(Task objective):
The line containing "Custom Personalized Memorial" marks where to begin. Write out that line and every line after it exactly, through the last line below.

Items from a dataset
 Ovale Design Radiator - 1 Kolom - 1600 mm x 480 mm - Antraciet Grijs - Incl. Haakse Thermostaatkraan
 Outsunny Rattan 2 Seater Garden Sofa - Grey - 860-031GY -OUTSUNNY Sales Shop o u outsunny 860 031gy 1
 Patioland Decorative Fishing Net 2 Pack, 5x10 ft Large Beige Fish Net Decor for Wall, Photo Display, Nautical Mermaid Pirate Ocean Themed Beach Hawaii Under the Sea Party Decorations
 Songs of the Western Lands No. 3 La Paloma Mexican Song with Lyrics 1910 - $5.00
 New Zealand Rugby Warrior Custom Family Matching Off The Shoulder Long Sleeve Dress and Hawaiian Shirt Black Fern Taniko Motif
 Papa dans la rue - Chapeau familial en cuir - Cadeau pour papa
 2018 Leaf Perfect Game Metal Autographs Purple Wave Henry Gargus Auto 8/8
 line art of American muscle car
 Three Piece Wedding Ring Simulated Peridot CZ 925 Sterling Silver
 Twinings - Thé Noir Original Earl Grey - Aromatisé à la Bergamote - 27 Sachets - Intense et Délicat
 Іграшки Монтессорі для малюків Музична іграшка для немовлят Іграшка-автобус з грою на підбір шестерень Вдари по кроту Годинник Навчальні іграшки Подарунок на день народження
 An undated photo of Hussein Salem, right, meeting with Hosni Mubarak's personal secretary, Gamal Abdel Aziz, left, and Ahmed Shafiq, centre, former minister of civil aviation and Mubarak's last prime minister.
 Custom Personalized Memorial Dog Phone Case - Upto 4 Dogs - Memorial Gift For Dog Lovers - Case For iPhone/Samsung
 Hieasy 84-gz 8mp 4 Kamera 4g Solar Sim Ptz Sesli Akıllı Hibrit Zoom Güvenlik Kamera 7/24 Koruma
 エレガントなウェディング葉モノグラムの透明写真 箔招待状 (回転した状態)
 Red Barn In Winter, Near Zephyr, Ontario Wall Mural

(Exercise answer):
 Custom Personalized Memorial Dog Phone Case - Upto 4 Dogs - Memorial Gift For Dog Lovers - Case For iPhone/Samsung
 Hieasy 84-gz 8mp 4 Kamera 4g Solar Sim Ptz Sesli Akıllı Hibrit Zoom Güvenlik Kamera 7/24 Koruma
 エレガントなウェディング葉モノグラムの透明写真 箔招待状 (回転した状態)
 Red Barn In Winter, Near Zephyr, Ontario Wall Mural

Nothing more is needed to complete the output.